Wavelet Analysis with Pyleoclim#

by Julien Emile-Geay, USC

Author = {“name”: “Julien Emile-Geay”, “affiliation”: “Department of Earth Sciences, University of Southern California”, “email”: “julieneg@usc.edu”, “orcid”: “0000-0001-5920-4751”}

Preamble#

Wavelet analysis is one of the most misused tools in climate timeseries analysis, partially due to the popularity of this webpage, which used to feature an interactive plotter. Wavelets are a very broad topic in applied mathematics, which we won’t attempt to summarize here. In the paleoclimate context, the term nearly always refers to the Continuous Wavelet Transform, and 99% of the time this uses the Morlet wavelet, which is a generalization of Fourier bases to endow them with localization in time and scale. Accordingly, this demo focuses on how to obtain wavelet spectra from the iconic EPICA Dome C record by Jouzel et al. (2007), and how to establish its coherency with a record of atmospheric \(CO_2\).

Goals#

  • How to perform wavelet analysis and wavelet coherence in Pyleoclim

  • Wavelet and coherence analysis for evenly- vs unevenly-spaced data

  • Learning about the Scalogram and Coherence classes

  • How to establish the significance of scalogram or coherence

  • How to interpret the results of wavelet and wavelet coherence analyses

Reading Time: 20 min

Keywords#

Wavelet Analysis, Wavelet Transform Coherency, Visualization

Pre-requisites#

Some timeseries analysis, ideally

Relevant Packages#

pyleoclim, pandas, matplotlib, numpy

Data description#

  • ice phase deuterium data (\(\delta D\)) from Jouzel et al. (2007). \(\delta D\) is a proxy for the temperature of snow formation above the site, taken to be representative of Antartic temperature over such timescales.

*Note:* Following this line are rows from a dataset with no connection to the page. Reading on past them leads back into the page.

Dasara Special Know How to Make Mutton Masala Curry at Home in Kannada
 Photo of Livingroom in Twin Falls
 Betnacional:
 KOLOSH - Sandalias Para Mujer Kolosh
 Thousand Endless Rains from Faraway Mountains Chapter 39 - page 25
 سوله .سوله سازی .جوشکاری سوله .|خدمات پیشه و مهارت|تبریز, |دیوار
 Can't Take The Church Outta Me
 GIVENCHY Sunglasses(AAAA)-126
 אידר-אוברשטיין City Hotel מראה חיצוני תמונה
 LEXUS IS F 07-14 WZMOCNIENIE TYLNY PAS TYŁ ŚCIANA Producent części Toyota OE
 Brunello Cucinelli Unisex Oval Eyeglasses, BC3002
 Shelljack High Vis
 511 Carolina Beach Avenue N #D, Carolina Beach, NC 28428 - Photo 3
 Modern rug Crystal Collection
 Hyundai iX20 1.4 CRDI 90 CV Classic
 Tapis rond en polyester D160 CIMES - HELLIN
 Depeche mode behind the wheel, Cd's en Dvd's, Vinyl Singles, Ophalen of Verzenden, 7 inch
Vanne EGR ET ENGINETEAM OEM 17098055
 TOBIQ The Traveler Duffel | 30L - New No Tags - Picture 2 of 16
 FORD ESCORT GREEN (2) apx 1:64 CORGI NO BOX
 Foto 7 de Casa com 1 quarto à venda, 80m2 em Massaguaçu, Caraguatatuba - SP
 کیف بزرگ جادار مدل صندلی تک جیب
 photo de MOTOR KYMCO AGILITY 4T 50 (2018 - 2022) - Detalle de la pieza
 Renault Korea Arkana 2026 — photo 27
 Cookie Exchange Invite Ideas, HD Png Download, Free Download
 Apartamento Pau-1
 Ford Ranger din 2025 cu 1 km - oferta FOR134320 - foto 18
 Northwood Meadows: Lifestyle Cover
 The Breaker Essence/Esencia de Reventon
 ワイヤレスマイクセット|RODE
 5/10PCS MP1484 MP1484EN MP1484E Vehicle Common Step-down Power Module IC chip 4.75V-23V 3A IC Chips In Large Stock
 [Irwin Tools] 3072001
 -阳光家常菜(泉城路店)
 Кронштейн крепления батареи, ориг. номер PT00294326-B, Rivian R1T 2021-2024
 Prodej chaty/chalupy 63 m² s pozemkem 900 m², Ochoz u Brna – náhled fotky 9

  • gas phase \(CO_2\) measurements from Luthi et al (2008), corrected by Bereiter et al. (2015).

Let us first load necessary packages:

import matplotlib.pyplot as plt
import pandas as pd
import pyleoclim as pyleo
import numpy as np

Loading and visualizing \(\delta D\) series#

We use pandas to load the data:

dDdf = pd.read_csv('../data/edc3deuttemp2007.csv')
dDdf.head()
Age Deuterium Temperature
0 38.37379 -390.9 0.88
1 46.81203 -385.1 1.84
2 55.05624 -377.8 3.04
3 64.41511 -394.1 0.35
4 73.15077 -398.7 -0.42

Put the data into a Series object and plot it:

dDts = pyleo.Series(time=dDdf['Age']/1000,value= dDdf['Deuterium'],time_name='Age',time_unit='kyr BP',value_name = r'$\delta D$',value_unit=u'\u2030',label=r'EPICA Dome C $\delta D$')
dDts.plot()
(<Figure size 1000x400 with 1 Axes>,
 <AxesSubplot: xlabel='Age [kyr BP]', ylabel='$\\delta D$ [‰]'>)
../_images/ee06313548d7a0c7b5028d47f5f73435d894bcda87506c82741120425dda2e07.png

Notice how we put in quite a bit of metadata (information about the data) when we created the Series object, and that this information is now being used by the code to properly label axes for you. Structuring and labeling your data is a little more work upfront but it pays big dividends down the line. Let’s see that now.

First, take a look at the distribution of time increments:

fig, ax = plt.subplots()
plt.hist(np.diff(dDts.time))
plt.xlabel(r'$\Delta t (kyr)$')
plt.ylabel('# occurrences')
plt.title('Distribution of age increments',weight='bold')
Text(0.5, 1.0, 'Distribution of age increments')
../_images/dca649bb0654a27d26e6839b0196315b07b582c7135c45a5a516aabc6982ae62.png

The data are not evenly spaced, which is a challenge because most timeseries analysis methods (particularly Fourier and wavelet analysis) make the implicit assumption that data are evenly spaced, so applying those tools to unevenly-spaced data will result in methods not behaving as they are supposed to. pyleoclim is one of very few packages to enable the Weighted-Wavelet Z transform of Foster (1996), which is designed for unevenly-spaced data. Unfortunately, and despite heroic feats of numerical optimization by its writer Feng Zhu, it can be very slow to run on large datasets, particularly when assessing significance with thousands of Monte Carlo simulations. We therefore interpolate the data at 500y resolution to enable the much faster CWT algorithm of Torrence & Compo (1998) to run. We also standardize because the original data range is rather large, which could cause numerical issues.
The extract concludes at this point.